Judge Thomas Goethals decided that ex-construction worker Cole Wilkins, who has spent the last 11 years in jail, can at the most be re-tried on a harder-to-prove charge of second degree murder in the wake of a 2006 traffic accident caused when a stolen stove fell off Wilkins’ truck.
Goethals said he based his decision on the “serious misconduct” of former prosecutor Michael Murray who failed to act when notified that a traffic report was altered in way that helped the prosecution. The original report was shredded and its existence was never disclosed to the defense or heard by the jury in Wilkins’ first trial.
“When the trial prosecutor was repeatedly put on notice that there were irregularities involving the investigation of his case—twice by members of his own prosecution team–he was constitutionally obliged to address the issue. He did not,” Goethals said of Murray in his five-page ruling.
Murray is now an Orange County Superior Court judge and, as such, cannot comment on the case.
Susan Kang Schroeder, chief of staff for District Attorney Tony Rackauckas, said Wednesday the office disagrees with the court’s findings and interpretation of the law and is considering an appeal.
“What changed today is the Orange County District Attorney’s Office’s (OCDA) ability to pursue a first degree murder charge,” Schroeder said.
“What has not changed is the OCDA’s resolve to hold Cole Wilkins accountable for the death of Los Angeles Sheriff Deputy David Piquette and depriving his wife and young family of a lifetime together.”
Evidence presented in court shows that following Piquette’s death, California Highway Patrol administrators changed a report that benefited Wilkins and destroyed the original document. Those officials also created a second report that benefited prosecutors.
“The trial prosecutor compounded the problem by essentially ignoring information he received that should have put him on notice of law enforcement’s misconduct,” Goethals wrote.
Goethals stressed that his decision was not meant to punish the district attorney’s office, but to assure a fair trial for Wilkins.
The decision Wednesday deals another setback to the embattled district attorney’s office, hobbled during the past four years by controversy over its use of jailhouse informants and the withholding of evidence.
The scandal has sparked separate investigations by the Orange County Grand Jury, the state Attorney General’s Office and the U.S. Department of Justice. An appeals court has described local prosecutors’ misconduct as “systemic.”
Goethals is the same judge who removed the district attorney’s office in 2015 from the penalty trial of mass murderer Scott Dekraai, who pleaded guilty to killing eight and injuring one in a shooting rampage at a Seal Beach salon.

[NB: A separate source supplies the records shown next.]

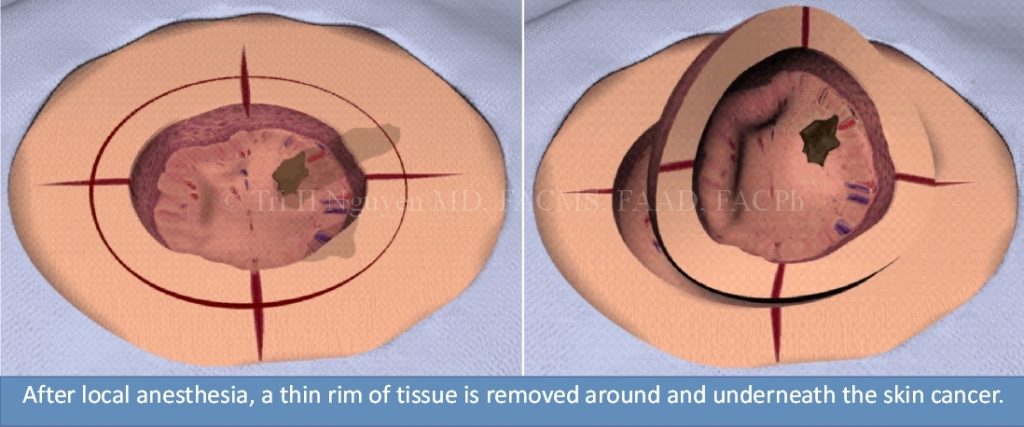 Mohs Micrographic Surgery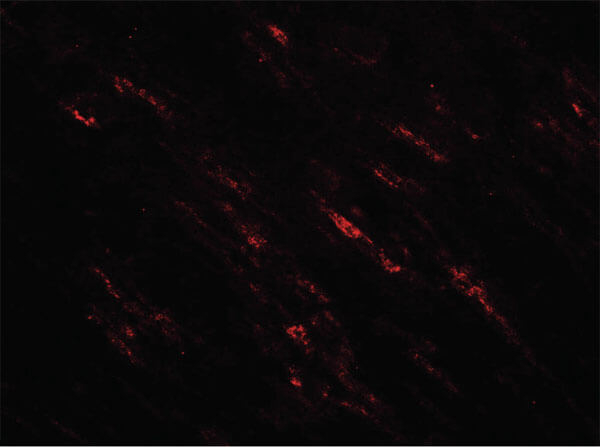 POU2F3 Antibody in Immunocytochemistry (ICC/IF)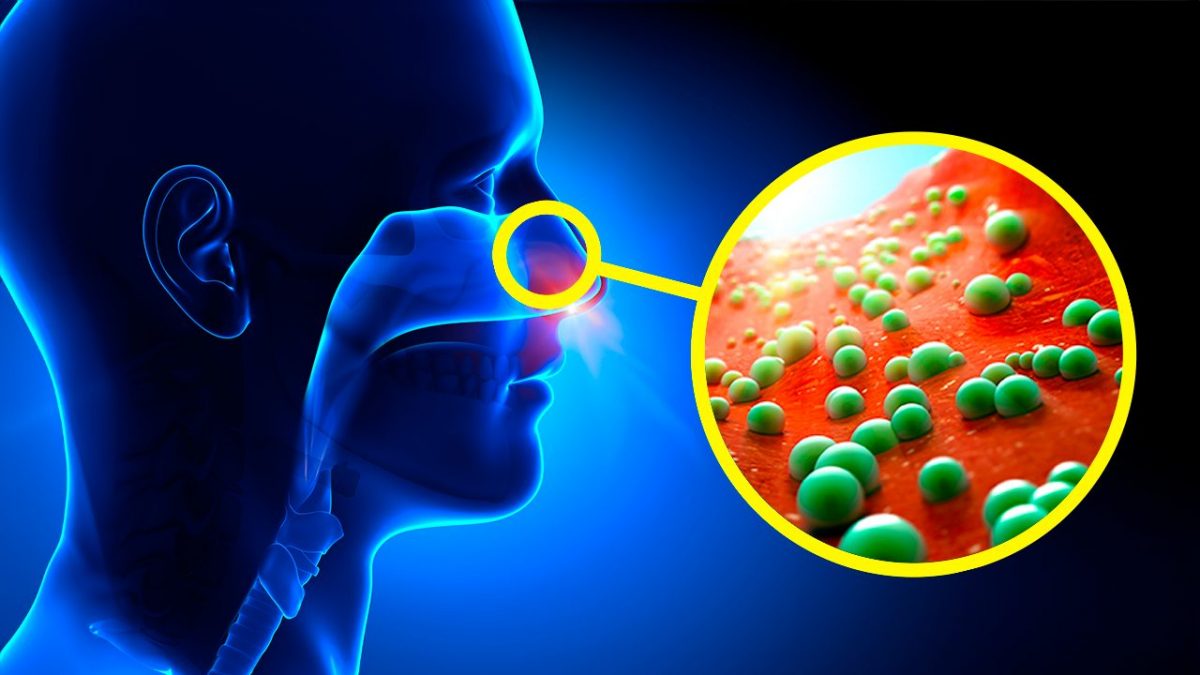 cosa sono le caccole del naso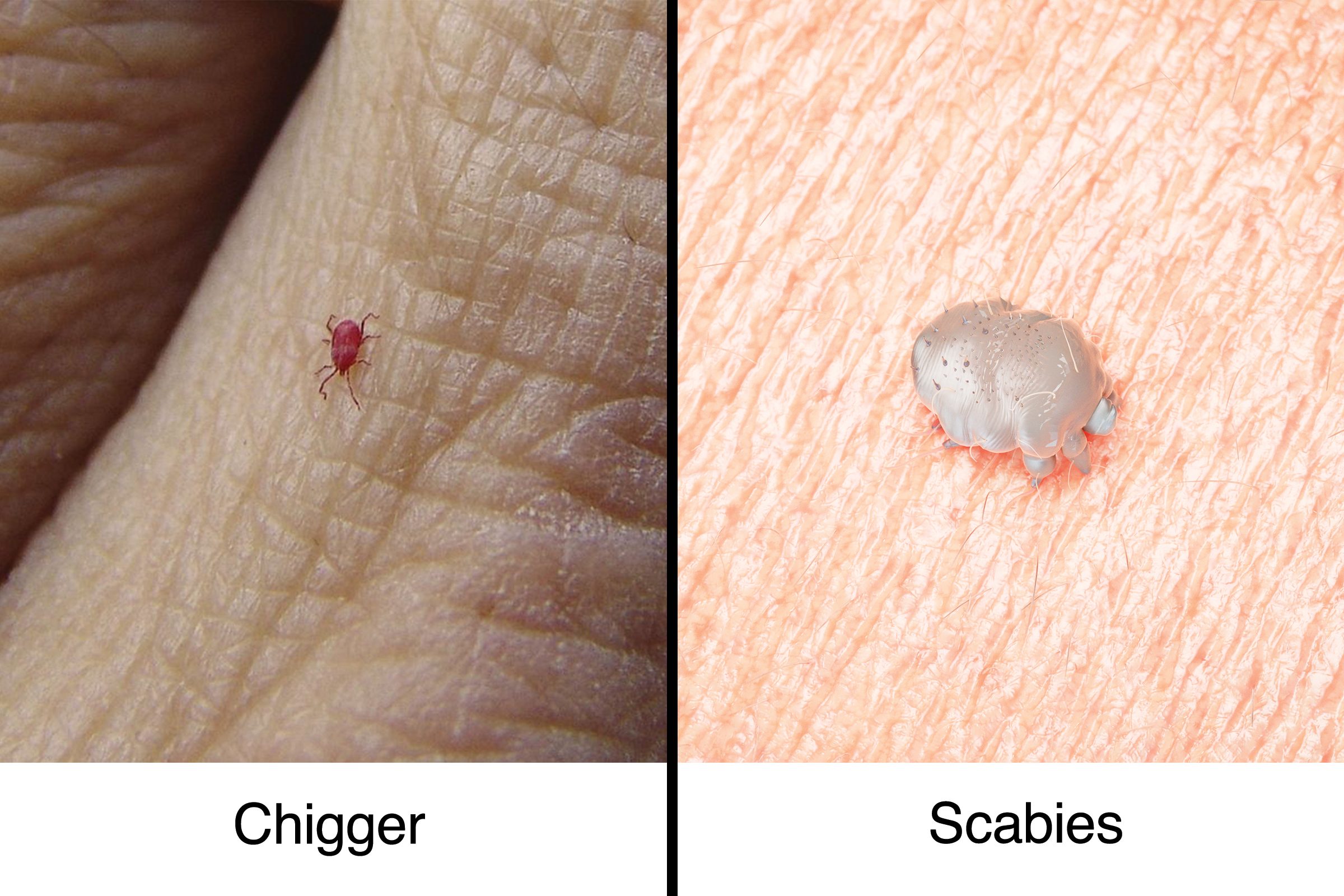 chigger vs scabies mites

His latest ruling involves a complicated case that began when Wilkins stole large kitchen appliances from a house under construction in Riverside County in the early morning hours of July 7, 2006. Wilkins drove about 60 miles when the boxed stove fell out of his truck about 5 a.m. on the 91 Freeway in Anaheim. Wilkins didn’t know the stove was gone and kept driving until he was pulled over miles away by an angry motorist.
Drivers swerved to miss the stove, including several who didn’t have accidents. Piquette, on his way to work, collided with a cement truck and was killed. The original report on the incident indicated Piquette’s driving was the primary cause of the accident. The second report reversed that conclusion and said other factors caused the accident.
Piquette’s death sparked a public wave of mourning by the community and his brethren in law enforcement.
Wilkins was charged with first-degree murder on the theory that he caused Piquette’s death while in the commission of a felony. He was convicted in 2008 and sentenced to 25-years-to-life in prison. In 2013, that conviction was overturned by an appellate court based questions concerning jury instructions.
In Wilkins’ new hearing, Goethal’s ruling means that prosecutors must show that Wilkins acted with a conscious disregard for human life – which legal experts say is harder to prove. If convicted, Wilkins would be eligible for parole 10 years sooner than if convicted of a first-degree charge.